Filmes de Buñuel e Pilar Miró estão entre os destaques
“Viridiana” (1961)
Longa que dividiu a Palma de Ouro de Cannes em 1961 com o francês “Uma tão longa ausência”, o clássico de Buñuel narra a história da personagem-título, que, pouco antes de ser ordenada , faz uma visita a seu solitário tio, que tenta seduzi-la de todas as formas, antes de morrer, o que muda completamente a sua vida. “É um dos pilares da cinematografia francesa, uma verdadeira obra de arte”, enaltece a curadora Marta Sánchez.
“Furtivos” (1975)
O longa de José Luis Borau traz a história de um caçador que conhece uma fugitiva de reformatório e a leva para morar no casebre isolado que divide com a mãe, uma convivência que gera uma tensão insustentável. Realizado ao fim da ditadura franquista, o filme é considerado um marco na luta contra a censura do regime. “Tudo o que acontece naquele bosque isolado cria uma metáfora maravilhosa da ditadura”, diz a curadora.

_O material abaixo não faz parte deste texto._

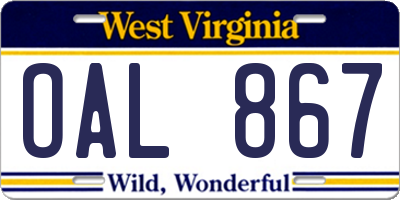 WV license plate OAL867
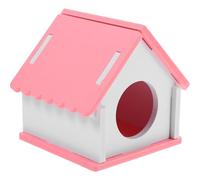 COHEALI Maisonnette pour Hamster et Petits Rongeurs, Cachette Rose Style Ferme, Bois Résistant aux Morsures, Confortable Nid pour Chinchillas, Cochon D’Inde et Hérissons, Accessoire Cage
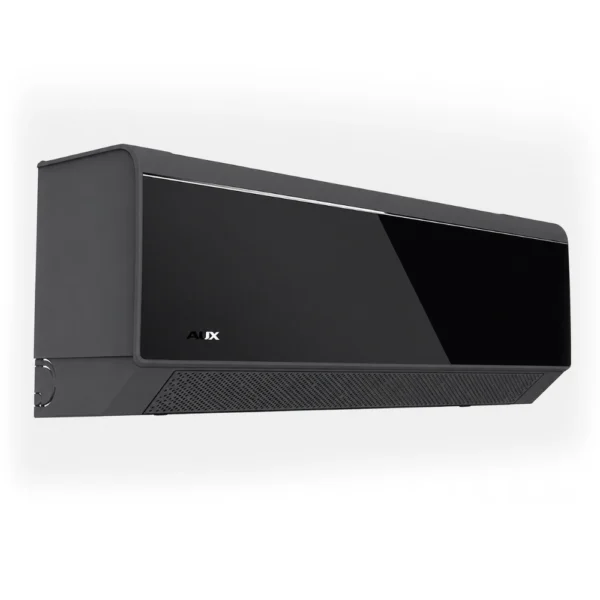 Een AUX Airconditioning wandmodel in modern Zwart, een schuin aanzicht van de binnenunit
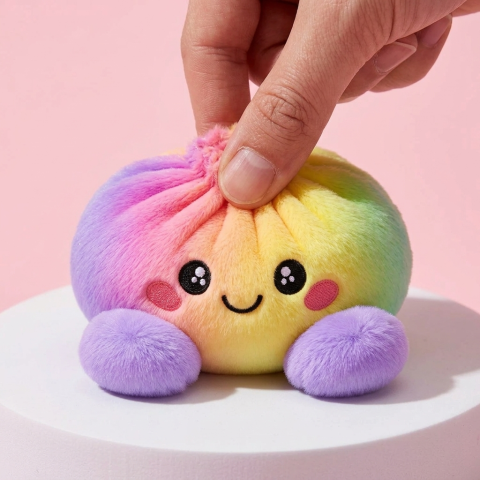 Squishy Dumpling Regenbogen Pastell — slow-rise Effekt, der Schaum federt langsam zurück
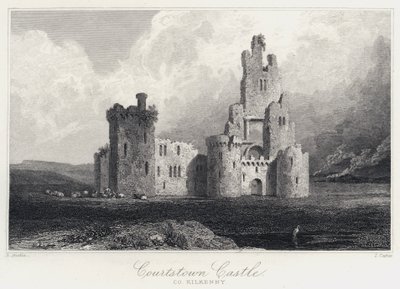 Courtstown Kasteel, Co Kilkenny (gravure) door Samuel (after) Austin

“O crime de Cuenca” (1981)
Baseado em uma história real, o longa da diretora Pilar Miró narra a história de dois amigos de um vilarejo em Cuenca, acusados de assassinato pelos vizinhos, que confessam o crime após serem submetidos a tortura. “O longa foi filmado em 1978, três anos após a morte de Franco, e ainda assim passou anos censurado”, comenta Marta.
“Sulcos” (1951)
O longa de José Antonio Nieves Conde mostra a mudança da família Pérez do campo para Madri, em busca de uma vida mais fácil, que nunca se realiza. “Foi uma das primeira obras a romper com a imagem da família tradicional, e a mostrar fatos como a fome e a prostituição”, ressalta a curadora.